Zwar ist in vielen Fällen bei der Beisetzung noch ein Pfarrer dabei, doch es geht auch ohne: „Die Abschiedsfeiern sind sehr individuell“, erklärt Bruno Zöld. Das reiche von der schweigsamen Zeremonie mit zwei Personen bis zur prächtigen Prozession mit
200 Leuten samt Kapelle. „Wir hatten auch schon mal Motorradfahrer, die die Urne des Kameraden auf der Harley Davidson zum Baum gefahren haben“, erinnert sich Zöld. Für alle Arten von Gedenken steht ein Andachtsplatz zur Verfügung.

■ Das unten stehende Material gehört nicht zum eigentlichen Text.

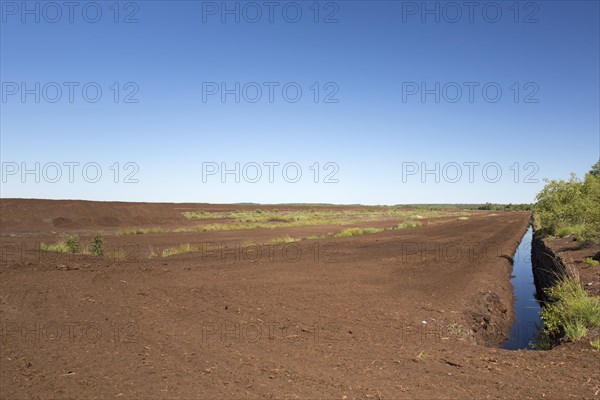 Peat extraction at Totes Moor, Tote Moor, raised bog near Neustadt am Ruebenberge, district of Hannover, Lower Saxony, Niedersachsen, Germany, Europe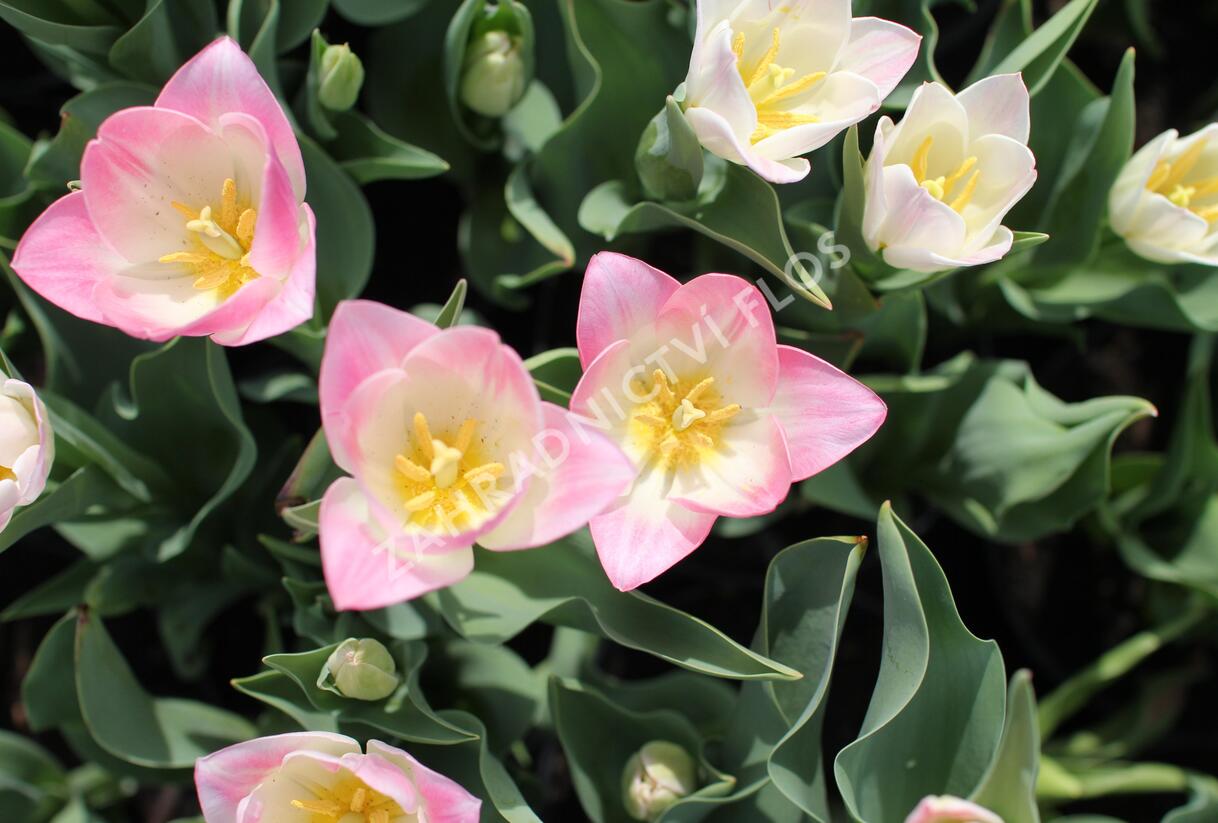 Tulipán Triumph 'Dynasty' - Tulipa Triumph 'Dynasty'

„In der Regel sind die Beisetzungen aber eher ruhig gehalten“, sagt Förster Wolfgang Hafner, der – wenn es soweit ist – die Erde aushebt und die Stelle für die Urne vorbereitet. Am Anfang sei es schon ein wenig seltsam gewesen, sich mit diesen neuen Aufgaben zu befassen. Schließlich hatte er mit Bestattungen nicht das Geringste zu tun, bevor etwa sechs Hektar Wald des Hauses Fürstenberg zum Friedwald wurden. „Aber inzwischen ist das ganz normal für mich geworden“, sagt Hafner. Allerdings müsse man in der Lage sein, die Trauer der anderen nicht allzu nah an sich heranzulassen. Er selbst kann sich inzwischen ebenfalls vorstellen, einmal im Wald – seinem jetzigen Arbeitsplatz – die letzte Ruhe zu finden.
Den eigenen Baum gesät
Die Rührung legt sich deutlich hörbar auf die Stimme des Försters, wenn er die kleine Geschichte von seinem Baum erzählt: Vor ein paar Jahren habe er im Büro ein kleines Kuvert mit Akazien-Samen herumliegen gehabt. Zunächst habe er nicht gewusst, was damit anfangen. Dann setzte Hafner ein paar Samen an einer schönen Stelle im Friedwald in die Erde. Und siehe da: Bald wurde eine zarte Pflanze daraus, dann ein kräftiges Bäumchen. Und irgendwann wird daraus Hafners Baum gewachsen sein. Einer, mit dem der Förster auf eine berührende Art verbunden ist. Eine Beziehung besonderer Art.
„So etwas suchen die Menschen bei uns“, bestätigt Bruno Zöld, während Waltraud und Albert Wolfen sich von ihrem Sohn verabschieden, indem sie mit der Hand über die Rinde des Baumes streicheln. „So schön, wie es heute hier ist, könnte es auf dem Friedhof gar nicht sein“, sagt Waltraud Wolfen, und ihr Mann stützt sie ein wenig auf dem kurzen Marsch zum Parkplatz. Zum Abschied schickt die Sonne noch einmal besonders kräftige Strahlen, und der Wind schiebt die Zweige ein wenig beiseite, damit das Licht die bunten Blätter noch einmal zum Leuchten bringen kann. „Auf Wiedersehen“, sagt Waltraud Wolfen mit ihrer zarten Stimme und wirft eine Kusshand in jene Richtung, wo der Sohn ruht und wo die ganze Familie eines Tages vereint sein wird.